Data records
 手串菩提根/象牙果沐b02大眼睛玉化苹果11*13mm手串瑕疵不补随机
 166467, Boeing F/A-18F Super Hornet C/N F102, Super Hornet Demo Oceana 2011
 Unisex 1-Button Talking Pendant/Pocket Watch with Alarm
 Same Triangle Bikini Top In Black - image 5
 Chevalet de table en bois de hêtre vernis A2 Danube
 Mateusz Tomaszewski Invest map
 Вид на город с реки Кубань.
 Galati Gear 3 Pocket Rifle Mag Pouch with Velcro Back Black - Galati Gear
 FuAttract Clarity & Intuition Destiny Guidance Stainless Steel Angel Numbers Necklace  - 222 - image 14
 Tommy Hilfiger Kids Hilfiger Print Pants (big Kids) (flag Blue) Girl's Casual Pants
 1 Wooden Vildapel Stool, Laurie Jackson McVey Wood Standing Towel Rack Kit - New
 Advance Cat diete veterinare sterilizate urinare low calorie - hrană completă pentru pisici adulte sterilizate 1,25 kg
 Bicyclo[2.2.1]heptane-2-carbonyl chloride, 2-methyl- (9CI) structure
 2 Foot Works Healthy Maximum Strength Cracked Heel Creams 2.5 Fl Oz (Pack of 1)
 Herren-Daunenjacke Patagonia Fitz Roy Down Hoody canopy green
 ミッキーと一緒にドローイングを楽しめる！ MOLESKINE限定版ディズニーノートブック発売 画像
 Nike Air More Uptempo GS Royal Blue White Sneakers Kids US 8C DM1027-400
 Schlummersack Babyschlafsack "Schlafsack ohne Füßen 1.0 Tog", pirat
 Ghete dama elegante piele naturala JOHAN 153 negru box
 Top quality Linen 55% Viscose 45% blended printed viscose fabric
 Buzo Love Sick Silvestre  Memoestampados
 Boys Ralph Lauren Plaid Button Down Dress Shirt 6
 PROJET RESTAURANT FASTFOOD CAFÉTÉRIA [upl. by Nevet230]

PROBLEM STATEMENT |
Every entry shown above is to be written out exactly.

TASK RESPONSE |
 手串菩提根/象牙果沐b02大眼睛玉化苹果11*13mm手串瑕疵不补随机
 166467, Boeing F/A-18F Super Hornet C/N F102, Super Hornet Demo Oceana 2011
 Unisex 1-Button Talking Pendant/Pocket Watch with Alarm
 Same Triangle Bikini Top In Black - image 5
 Chevalet de table en bois de hêtre vernis A2 Danube
 Mateusz Tomaszewski Invest map
 Вид на город с реки Кубань.
 Galati Gear 3 Pocket Rifle Mag Pouch with Velcro Back Black - Galati Gear
 FuAttract Clarity & Intuition Destiny Guidance Stainless Steel Angel Numbers Necklace  - 222 - image 14
 Tommy Hilfiger Kids Hilfiger Print Pants (big Kids) (flag Blue) Girl's Casual Pants
 1 Wooden Vildapel Stool, Laurie Jackson McVey Wood Standing Towel Rack Kit - New
 Advance Cat diete veterinare sterilizate urinare low calorie - hrană completă pentru pisici adulte sterilizate 1,25 kg
 Bicyclo[2.2.1]heptane-2-carbonyl chloride, 2-methyl- (9CI) structure
 2 Foot Works Healthy Maximum Strength Cracked Heel Creams 2.5 Fl Oz (Pack of 1)
 Herren-Daunenjacke Patagonia Fitz Roy Down Hoody canopy green
 ミッキーと一緒にドローイングを楽しめる！ MOLESKINE限定版ディズニーノートブック発売 画像
 Nike Air More Uptempo GS Royal Blue White Sneakers Kids US 8C DM1027-400
 Schlummersack Babyschlafsack "Schlafsack ohne Füßen 1.0 Tog", pirat
 Ghete dama elegante piele naturala JOHAN 153 negru box
 Top quality Linen 55% Viscose 45% blended printed viscose fabric
 Buzo Love Sick Silvestre  Memoestampados
 Boys Ralph Lauren Plaid Button Down Dress Shirt 6
 PROJET RESTAURANT FASTFOOD CAFÉTÉRIA [upl. by Nevet230]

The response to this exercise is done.